What you are asked to do: Your answer must consist solely of the lines from the one containing "Pain de Toilette Facial 125g" through the last line of the records below, reproduced exactly, with all pictures omitted.
--- Dataset records ---
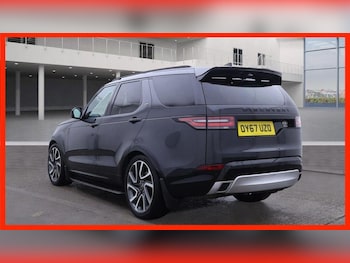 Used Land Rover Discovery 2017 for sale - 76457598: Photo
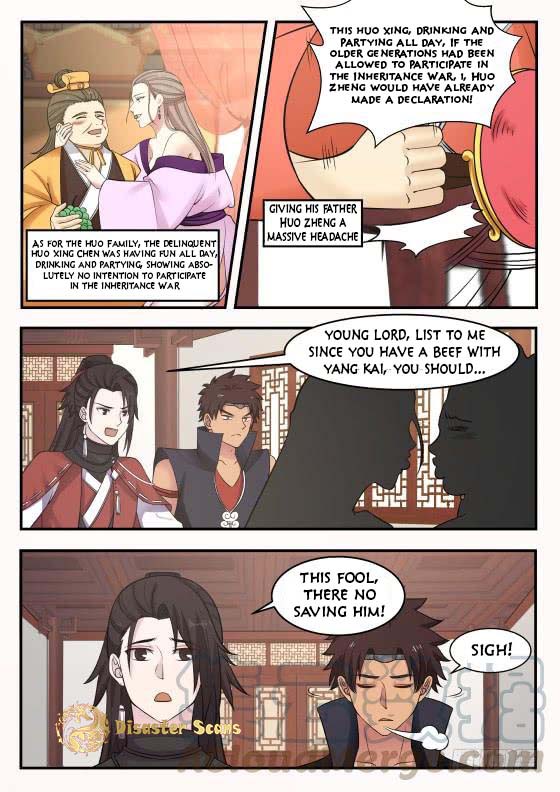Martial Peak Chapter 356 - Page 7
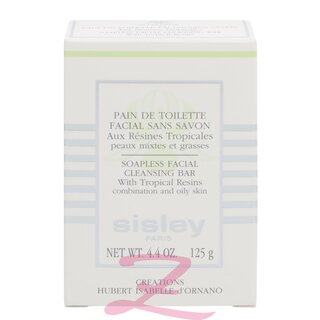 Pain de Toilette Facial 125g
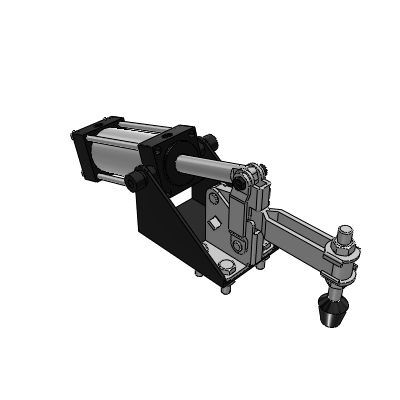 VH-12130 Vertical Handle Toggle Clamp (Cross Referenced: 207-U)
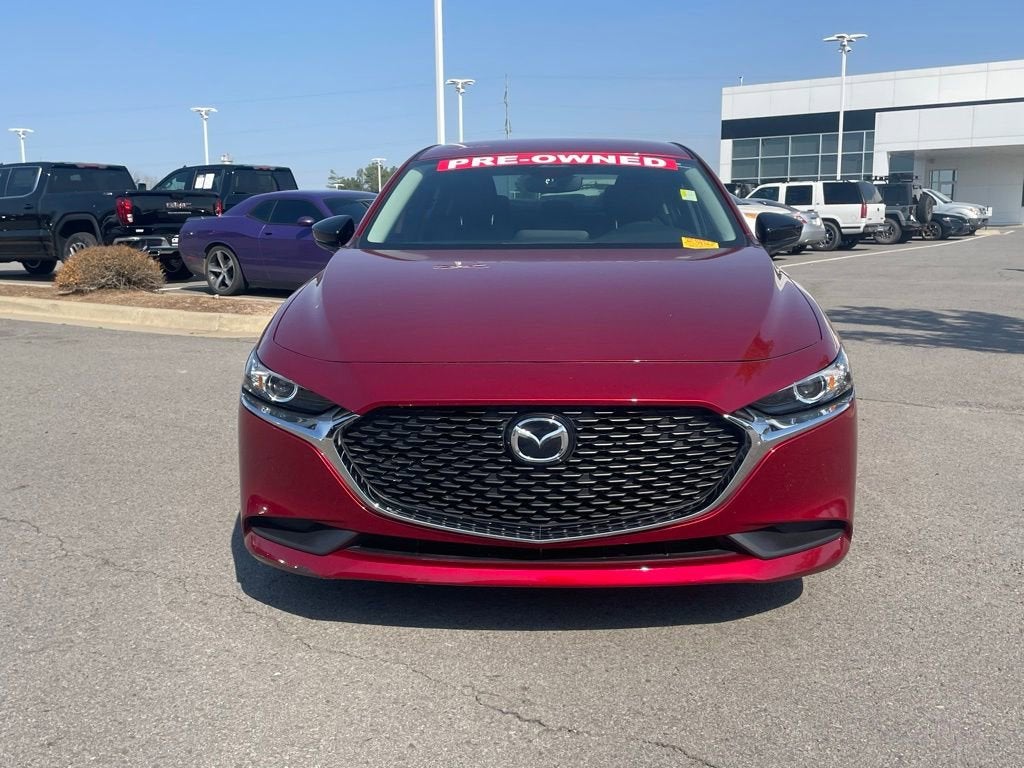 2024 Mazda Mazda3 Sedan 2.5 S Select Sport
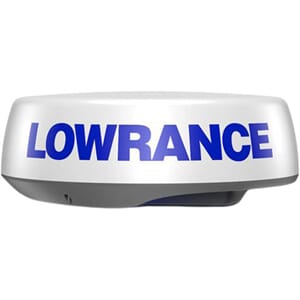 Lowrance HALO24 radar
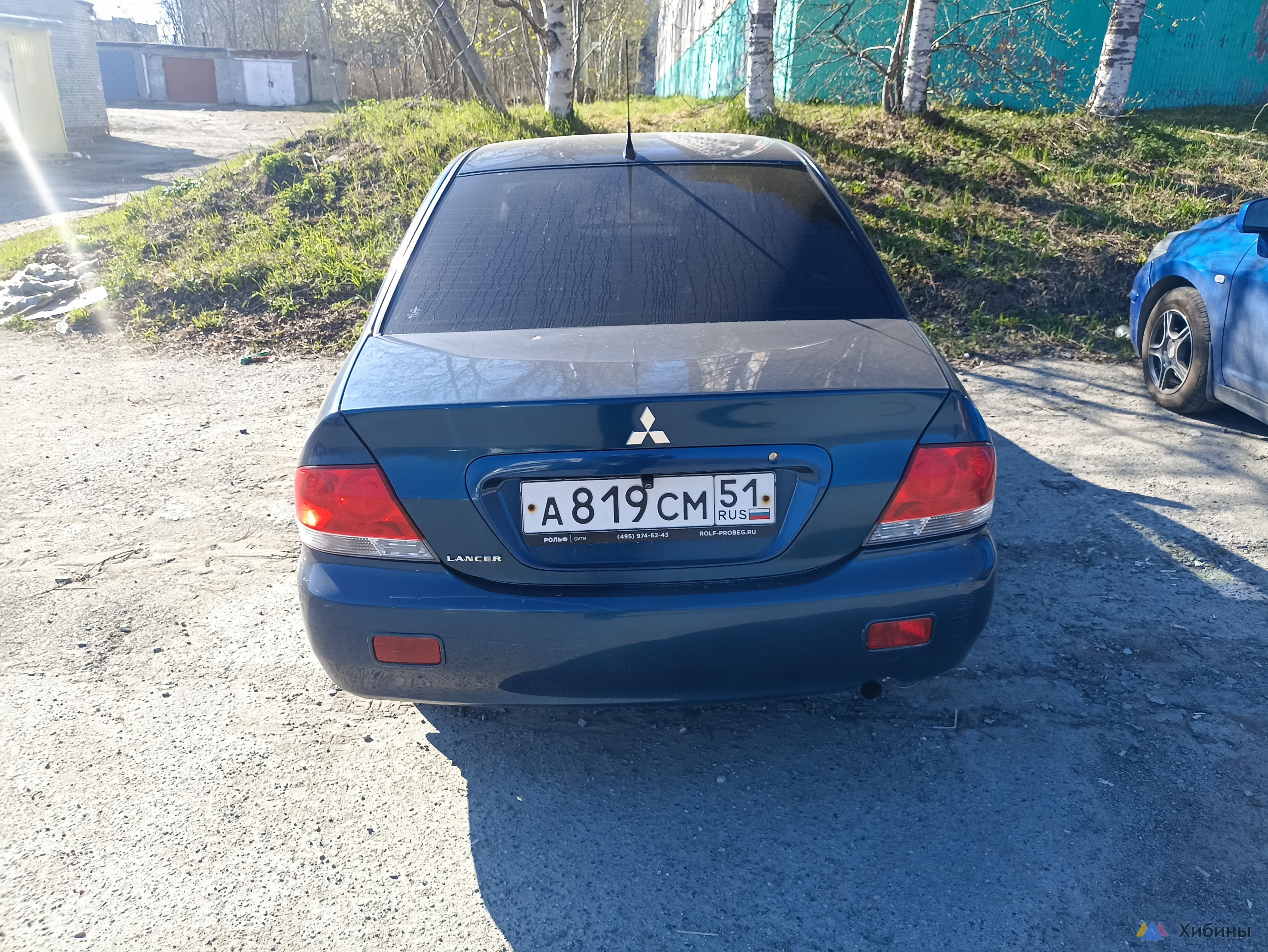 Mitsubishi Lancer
---
Solution:
 Pain de Toilette Facial 125g
 VH-12130 Vertical Handle Toggle Clamp (Cross Referenced: 207-U)
 2024 Mazda Mazda3 Sedan 2.5 S Select Sport
 Lowrance HALO24 radar
 Mitsubishi Lancer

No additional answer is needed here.